Lorsqu’on l’interroge sur les films qu’il a réalisé, qui lui tiennent le plus à cœur, on obtient une réponse en trois volets. Au plan cinématographie, il estime que « Fin de règne » est le plus abouti. A ses yeux celui dont le scénario est le mieux ficelé est « Afrika Corse ». Celui qui incarne un basculement d’époques est « X making » parce qu’i reflète le monde d’avant internet et le monde qui allait advenir avec la généralisation de l’informatique et des réseaux sociaux.

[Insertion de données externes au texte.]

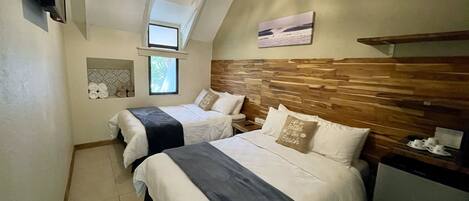 A bedroom with two beds, a wooden headboard, a small window, a TV, and a shelf with cups.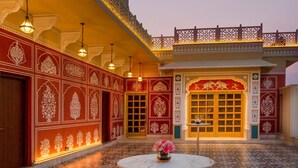 A traditional building with ornate red and white patterns, a tiled courtyard, and a central table with flowers. - Heritage Village Resort & Spa Manesar (Gurugram)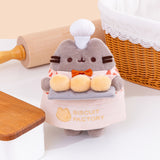   Front view of Biscuit Baker Pusheen Plush. The grey fluffy Pusheen stands in front of a beige rolling pin, whicker bread basket, and a small wooden countertop.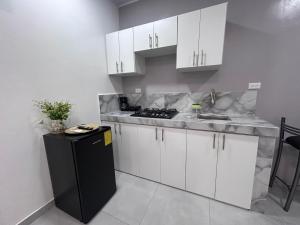 una cucina con mobili bianchi e un frigorifero nero di Deramai a Santo Domingo de los Colorados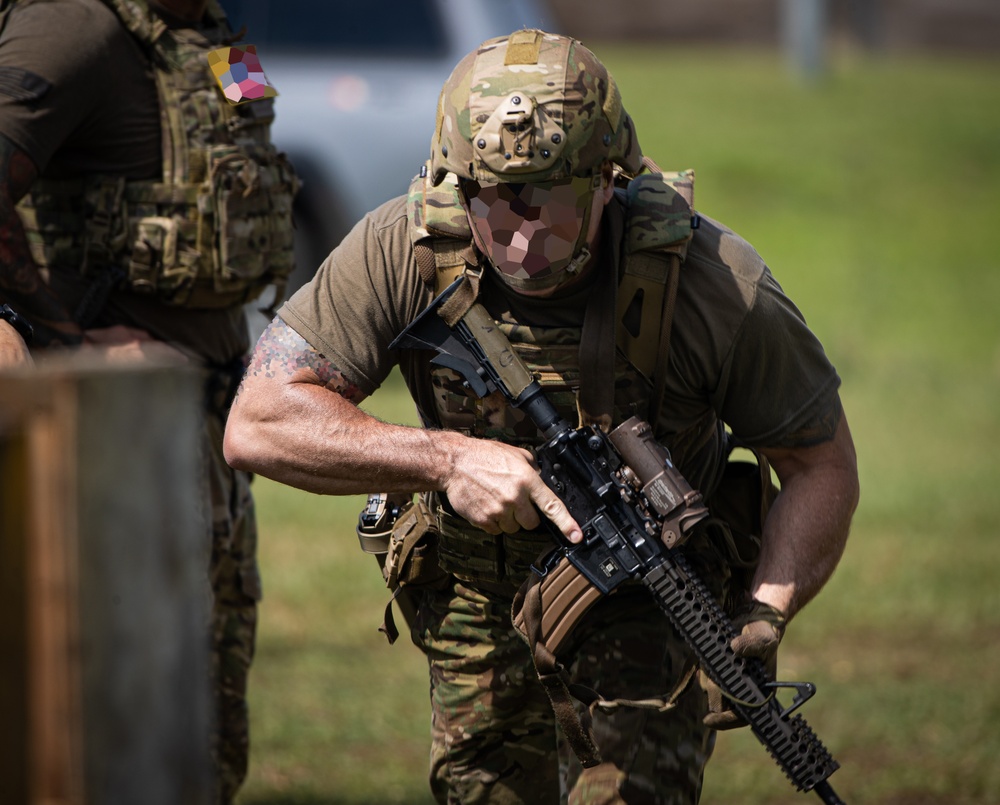 Alabama National Guard Special Forces Soldiers conduct barrier and shoot house training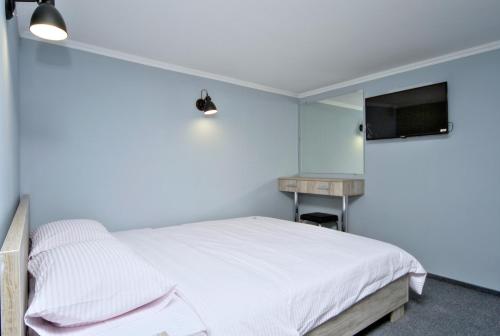 a bedroom with a white bed and a television at Grand Apartments in Kyiv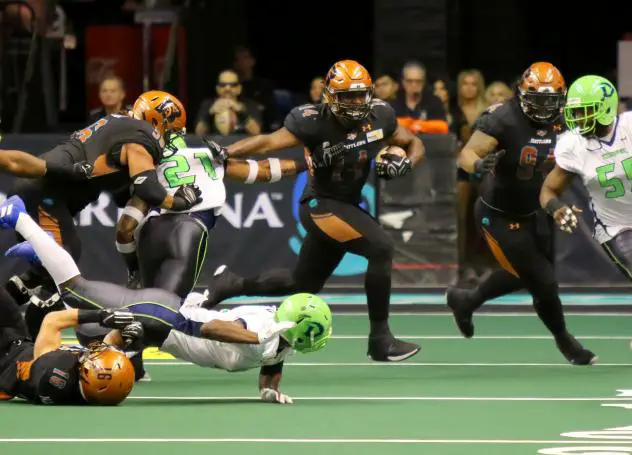 Darrell Monroe of the Arizona Rattlers fights through the Nebraska Danger defense
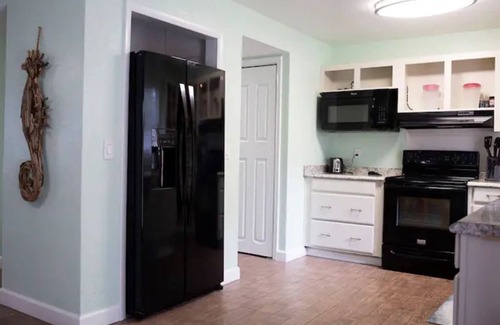 Port Saint John House | Serene Oasis: Saltwater Pool Home near KSC and Cocoa Beach"n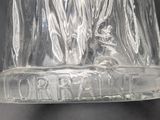 a clear glass bottle with a black label on it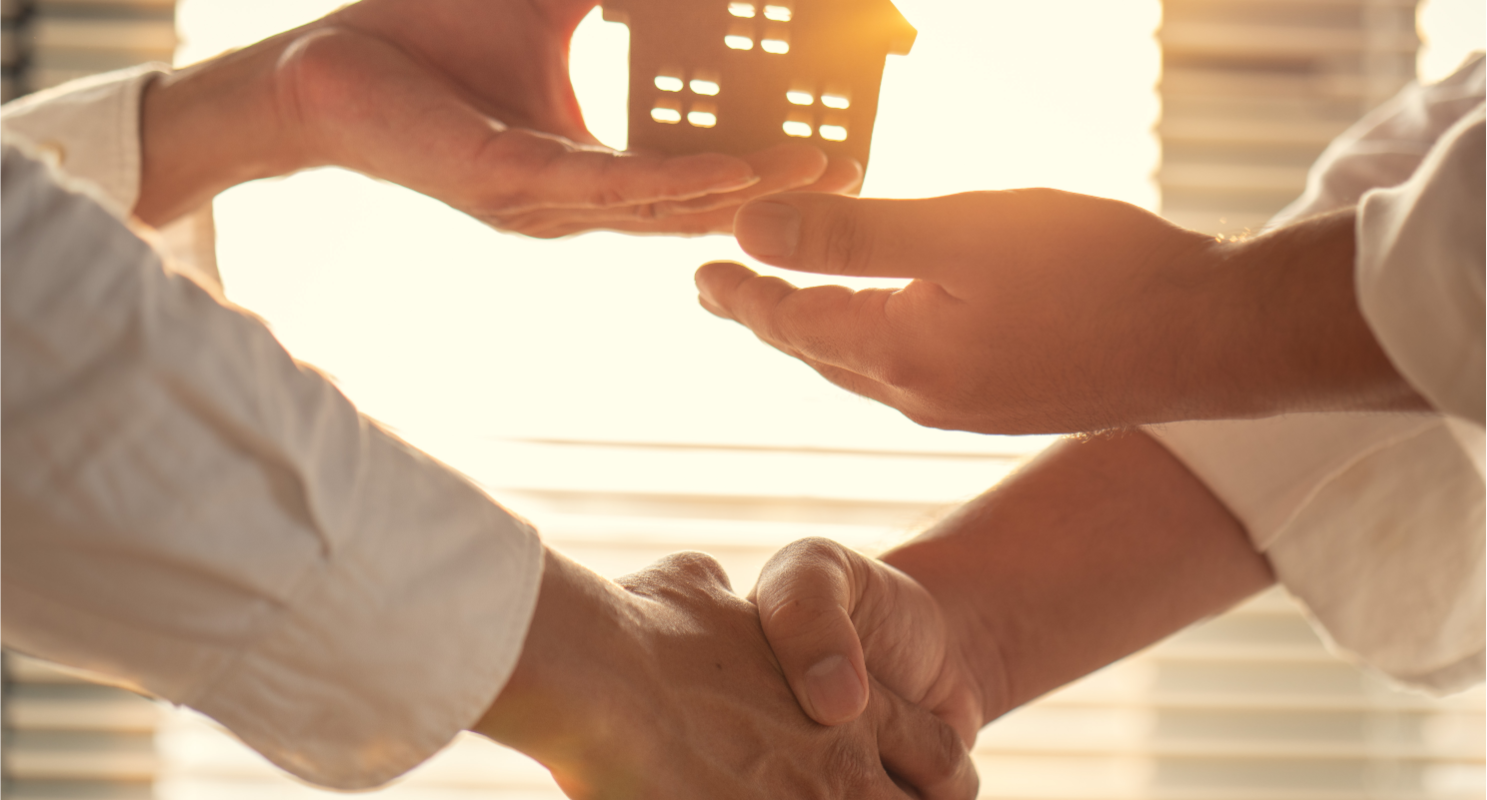 Two individuals shaking hands in a bright office setting, with one hand symbolically holding a cut-out paper house against a window, illustrating a successful cash home sale agreement between a homeowner and a real estate investor in Ohio.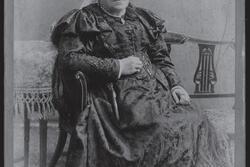 black and white historical photograph of a woman dressed in Victorian attire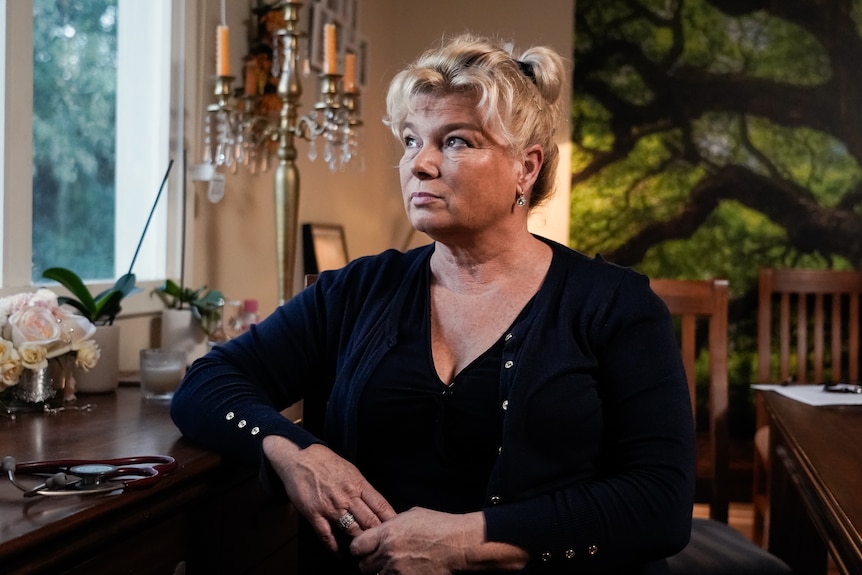 Woman with blonde hair tied up, wearing a navy sweater sitting at a desk and looking out a window.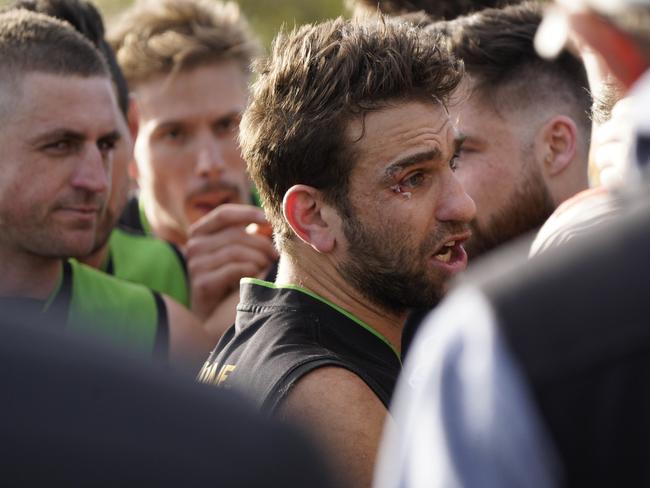 Doveton coach Michael Cardamone at the three quarter time huddle. Picture: Valeriu Campan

Dans sa filmographie il y a – peut-être – un sort à part à faire à « Afrika Corse », non parce que c’est la réalisation la plus cocasse et la plus fantasque mais parce que le cinéaste se livre à une mise au pilori de l’identité dans ce qu’elle peut avoir de plus risible et saugrenue. Dans ce long-métrage n’assiste-t-on pas aux renoncements de leurs idéaux par trois frères mus par l’appât d’un héritage ! A ce stade la comédie a un goût décapant… et amer !
Michèle Acquaviva-Pache
Filmographie
1987 : « Post », court-métrage de SF. 1991 : « I cant’explain ». 1996 : « Le testament du Minotaure ». 1999 : « Corsica Taf ». 2002 : « X making ». 2007 : « Fin de règne ».2009 : « Corsica Land ». 2016 : « Afrika Corse ». 2021 : « Kurt’s Story ».